Along with those tiny gestures that we expect out of men,
like I said, not all men think about doing those things. Often times if we
expect those gestures out of them, we are going to be disappointed many times
during that friendship, relationship, or whatever it is. Many times, if I am disappointed
in a man that I am friend with (or in any type of relationship with them) I
look back and ask myself, “why are you disappointed with him?” Because he didn’t…
At that point I have check. Does he honor God? Yes. Does he listen to God? Yes.
Does he obey God? Yes. So maybe if his actions didn’t meet my expectations, I
was expecting too much out of him. Maybe he didn’t do what I expected him to
because it wasn’t God’s timing or… there could be a thousand more reasons.
However, if he his truly listening to God, and obeying him, his actions will
follow God’s leading.
The last thing that I want to point out is that just because
I expect those three things out of men, does not mean that I expect them to fit
my dating standards as well. The point of the dating standards is to notice the
one man that actually fits them all, not to make every guy that I have some
sort of relationship with, fit them. This can also be where woman expect too
much out of men, they expect that since they put the standards that high, that
every guy should act like that. However, if every guy were to fit those
standards, having the standards would then be pointless.
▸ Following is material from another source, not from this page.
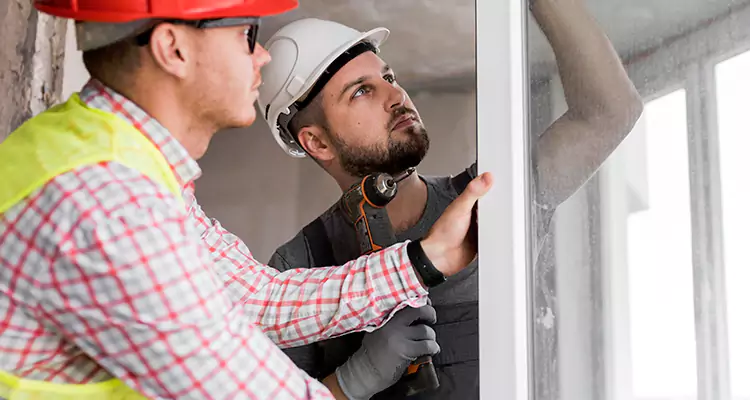 Vertical Crank Out Windows Repair in Oak Ridge, FL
Not only do I expect those things out of men, but I also
expect them out of myself as well. The girl that left Ypsilanti this last
spring, was not the same girl that came back this fall, and I don’t plan on
going back to the person I was at the end of the year last year. I want to
continue to grow, honor God, listen for his voice and obey him when I hear him
speak. If I am doing so, I cannot step out of his will for my life, and I
believe that he is faithful in his promises!
On that note when it comes to God’s promises, I received a
little gift from my sister the other day. Along with it came a little note that
said, that when I miss the little things at home, such as Dayspring, and my
life group, I could look back on it and remember of what God promised me, and
his plan for my life. She is one of few people that know my full testimony and
story, but she completely believes in it and encourages me to remember it
everyday. Maybe someday I’ll post my whole testimony, but for now, it was
really cool that she did that for me. What a blessing in my life! Just remember
that God keeps his promises, and do yourself a favor and don’t expect too much
out of people to avoid disappointment.
-Becca
I love reading your blog.I think alot of girls need to hear this.I've been one to get a little boy crazy in the past,thankfully i'm starting not to be.Honestly,I think when we see guys around,for example,youth group,we expect them to be mature and not so annoying.But I think if I start looking for these things,it will open my eyes to how they really are.